General Ishii Shiro, mastermind of the Japanese military germ warfare program.
Reconstruction of a Unit 731 laboratory for "living autopsies."
Circle of crosses where prisoners were tied for exposure to aerial bombs containing plague fleas.
Museum theme warning that war makes all people vulnerable to atrocities.
I am at the Unit 731 Museum in northeastern China. This was the research base for Japanese biowarfare atrocities that far exceeded anything that occurred on the European Front in World War II. So why did the officers in charge of this horrific facility not go before the International Military Tribunal in Tokyo in 1948, the eastern equivalent of the Nuremberg Trials in Europe?
Despite our history books stating that the surrender was "unconditional," there was one concession the Allies made at the highest level. We would hold harmless the Japanese Emperor and any members of his extended family. As a result, General MacArthur released some of the most vicious of Japanese generals, including General Asaka, an Imperial "prince," under whose name the "kill all prisoners" order was issued that triggered the Nanjing Massacre.
However, General Ishii Shiro and the staff at Unit 731 were not royalty. Ishii gathered his officers and swore all to absolute lifetime secrecy before he left China for Japan, taking with him vital Unit 731 experimental records and destroying the rest.
Those members of Unit 731 who returned to Japan were never tried as war criminals. The first two American military investigations (Sanders Report in November 1, 1945 and Thompson Report in May 31, 1946) disclosed the development of bacterial bombs and recommended an immunity-for-information deal. The United States was also pursuing biological warfare. Military staff at Fort Detrick were eager to access scientific data that we did not have. But two additional reports (Fell Report in June 20, 1947 and the Hill and Victor Report in December 12, 1947) interrogated Japanese researchers and fully described the human experiments conducted by Unit 731. The last report concluded that the immunity-for-information exchange was important because "Such information could not be obtained in our own laboratories because of scruples attached to human experimentation."
General Douglas MacArthur told Washington that "...additional data, possibly some statements from Ishii probably can be obtained by informing Japanese involved that information will be retained in intelligence channels and will not be employed as War Crimes' evidence." Ishii and his teams that returned to Japan never faced trial. Ishii Shiro would die in bed at the age of 67.

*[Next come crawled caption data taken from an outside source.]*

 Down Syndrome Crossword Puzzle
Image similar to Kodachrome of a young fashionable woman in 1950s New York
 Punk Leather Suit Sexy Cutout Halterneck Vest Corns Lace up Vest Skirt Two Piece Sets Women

However, the Russian Army had captured 12 members of Unit 731 and put them on trial in December 25-31, 1949 in the industrial city of Khabarovsk. This revealed to the world for the first time the Unit 731 operations: bubonic plague fleas dropped on civilians and inhumane human experimentation. The West dismissed the event as a Communist show trial. However, the Russians also negotiated clemency for information—the 12 Japanese war criminals were eventually released and repatriated to Japan by 1956.
Many of the Japanese doctors who participated in the gruesome live autopsies at Unit 731 went on to rise to high positions in Japan: Governor of Tokyo, the head of Japan's biggest pharmaceutical company, the president of the Japan Medical Association, and the head of the Japan Olympic Committee.

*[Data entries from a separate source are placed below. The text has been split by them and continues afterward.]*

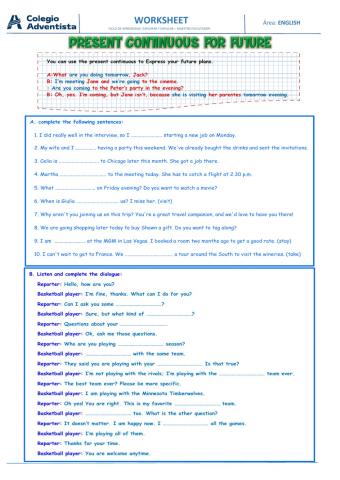 Present continuous for future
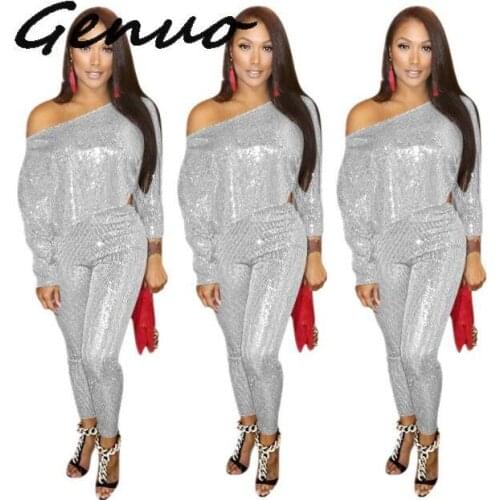 Genuo New Spring 2019 High Quality Women 2-Pieces Solid Long Jumpsuits Bodycon Slash Neck Full Sleeve Lady Hollow Out Jumpsuits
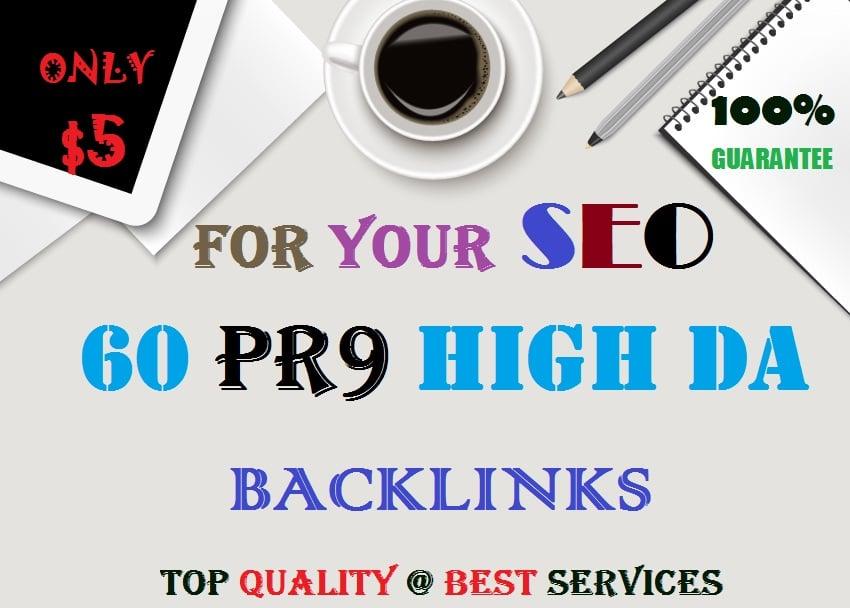 60 PR9 HIGH DA BACKLINKS,TOP QUALITY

Japanese veterans of Unit 731 erected a memorial tower for their Unit and held reunions. Today, Japan’s right-wing politicians continue to intimidate those who would call for any real apology and suppress detailed textbook discussions of any wartime atrocities. And the Japanese prime minister continues to visit the Yasukuni Shrine that honors 14 Class A war criminals.
Some of the Unit 731 documents sent to the United States and labeled "top secret" were recently de-classified under Defense Secretary Perry, and are now on view at this museum. The U.S. immunity-for-information deal and our Cold War cover-up, along with the Khabarovsk trial occupy additional rooms at this museum. Recent articles in the American Journal of Bioethics in 2006 and 2015 calling for a public U.S. response in this cover-up have gone ignored. And our own world history textbooks remain silent about Unit 731 and the U.S. immunity-for-information deal.
Before I left the Harbin museum, I talked with their staff with the assistance of my colleague from the Ministry of Education. I had used a modern headset that translated the narration of displays into English.This museum provides the headsets in Japanese also.
"Do many Japanese visit this museum?" I asked.
"Yes," was the reply. "Perhaps a dozen a week but more in some seasons. Some bring flowers. And some apologize."
For all of its horrible images, the theme of this museum is not anti-Japanese. This museum stands as a repository of the documents and artifacts of this horrible time of warfare. And it is the same as the theme at the Nanjing War Museum and the conclusion of Iris Chang’s book The Rape of Nanjing: In times of "all out" warfare, any of us could be stripped of humanity and pulled down to unspeakable cruelty, be it torture, waterboarding, or growing and spreading disease among children.
As one Japanese veteran recently stated without remorse: "When you are in war, you must do whatever you need to do to win."
The Unit 731 Museum in Harbin is here to help everyone avoid going down that path again.